A ‘rock-star’ line-up of tech players have assembled to release new data centre specifications and frameworks promised to increase server performance by up to a factor of ten.

The initiative is called OpenCAPI, and constitutes an open interface design specification intended to radically simplify the architecture of high-performance accelerator frameworks, and will yield practical hardware across a range of major participating names in 2017. Contributing parties include IBM, Google, Nvidia, Mellanox, Hewlett Packard Enterprise, Micron and Xilinx.

IBM’s release comments:

‘With its data-centric design and speed advantage, OpenCAPI addresses an immediate need from the global business community for greater levels of computing performance.

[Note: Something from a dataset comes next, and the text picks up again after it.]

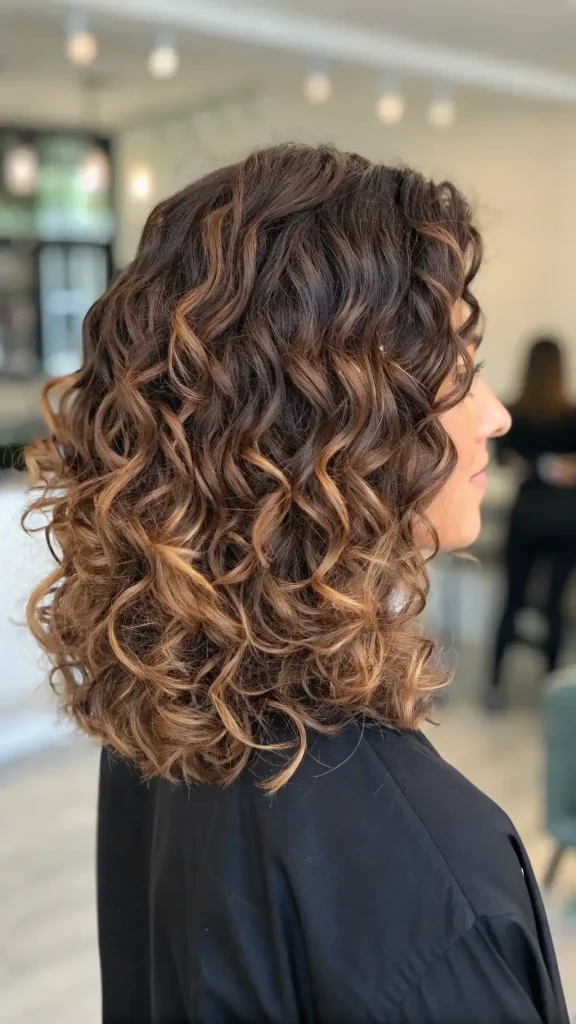 chestnut brunette hair (7)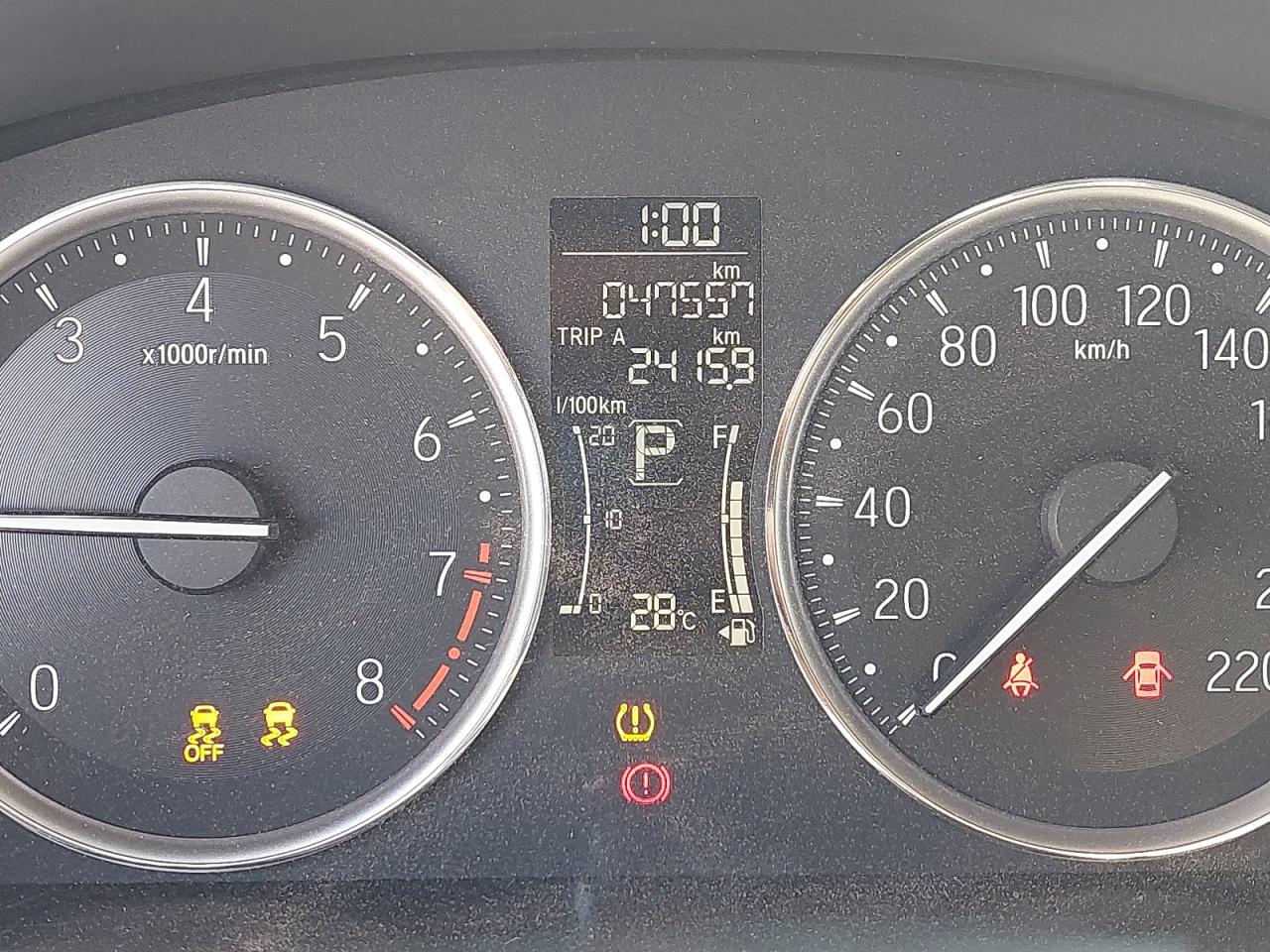 MAKGN2690N4100201 - 2022 HONDA CITY - #86226844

Companies in finance, Internet services, retail, hospitality, medical, and automobile manufacturing are increasingly turning to data-intensive workloads such as machine learning, advanced analytics and other rapidly emerging technologies for competitive advantage.’

OpenCAPI can obtain a throughput of 25Gbits per second data rate, already a radical jump over the 16Gbits per second currently possible over the PCIe specification.

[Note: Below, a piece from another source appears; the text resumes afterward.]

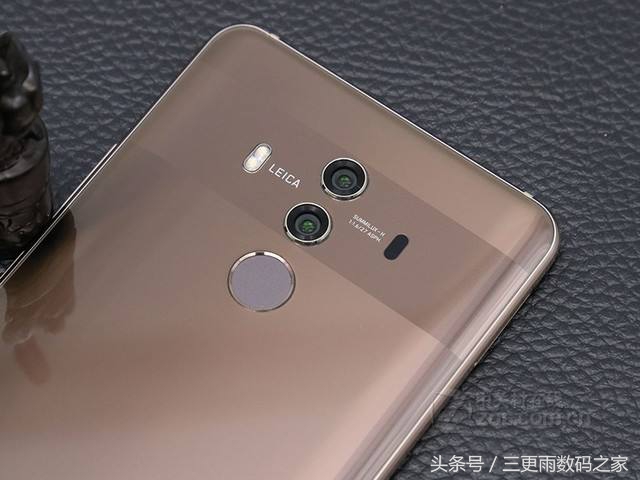 指纹锁录入指纹成功但是无法识别,指纹重新录入还是一样不能识别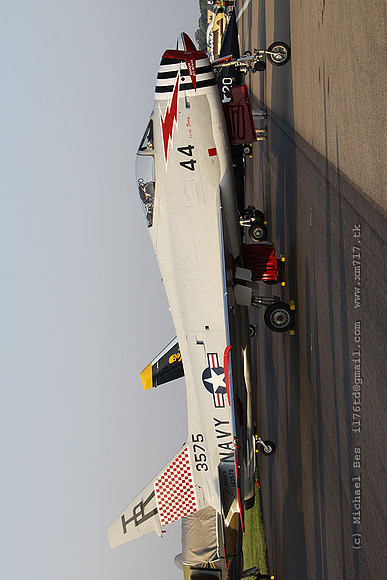 OSH_0432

OpenCAPI, which has launched an institutional site which invites new members and will offer design standards to those wishing to adopt the framework, originated with IBM’s work on the POWER8 Coherent Accelerator Processor Interface (CAPI), which has generated significant industry interest and adoption since launch in 2014. The initial CAPI offering permits customers to develop their own configurations within the specifications, or to purchase pre-assembled solutions.

Explaining the origins of the collaboration, IBM asserts that the industry needs a hard push away from legacy architectures and approaches, and systems built over those older methodologies, stating ‘storage class memory and accelerators to support emerging workloads do not fit well on existing interfaces and a closed, proprietary approach does not allow for full industry participation nor innovation.’

OpenCAPI aims to shorten the journey between the data and memory, and IBM’s CAPI work on the Data Engine for NoSQL emphasises how much this new movement is driven by the promise of Big Data and the need to negotiate unstructured data more efficiently.

‘Google is committed to open standards and we are excited to contribute to the cross-industry use and development of OpenCAPI,’ said Chris Johnson, Principal Engineer, Google.

‘OpenCAPI can advance the future of server design by enabling higher performance for data-intensive workloads and the emerging accelerator ecosystem.’

IBM will release POWER9-based servers utilising OpenCAPI in the second half of 2017. Zaius, the server currently under development as a collaboration between Google and Rackspace, will adopt both the POWER9 processor hardware and the OpenCAPI spec. Mellanox and Xilinx also plan to release products around the new specification.

The project also receives the approbation and interest of two other tech consortia which have been in the news lately. Kurtis Bowman of the Gen-Z Consortium commented in the release that the data centre of the future will require open standards, and that the advent of Gen-Z, CCIX and OpenCAPI have sealed that judgement.

Gaurav Singh the chair of CCIX, said: “We welcome the efforts of and look forward to collaborating with the Gen-Z and OpenCAPI consortia which will further the development of key technologies that will define the datacenters of tomorrow.”

Tom Eby, vice president of Micron’s compute and networking business said:“While memory has always been an essential building block for computing, it is quickly becoming the critical technology to unlocking next-generation performance.”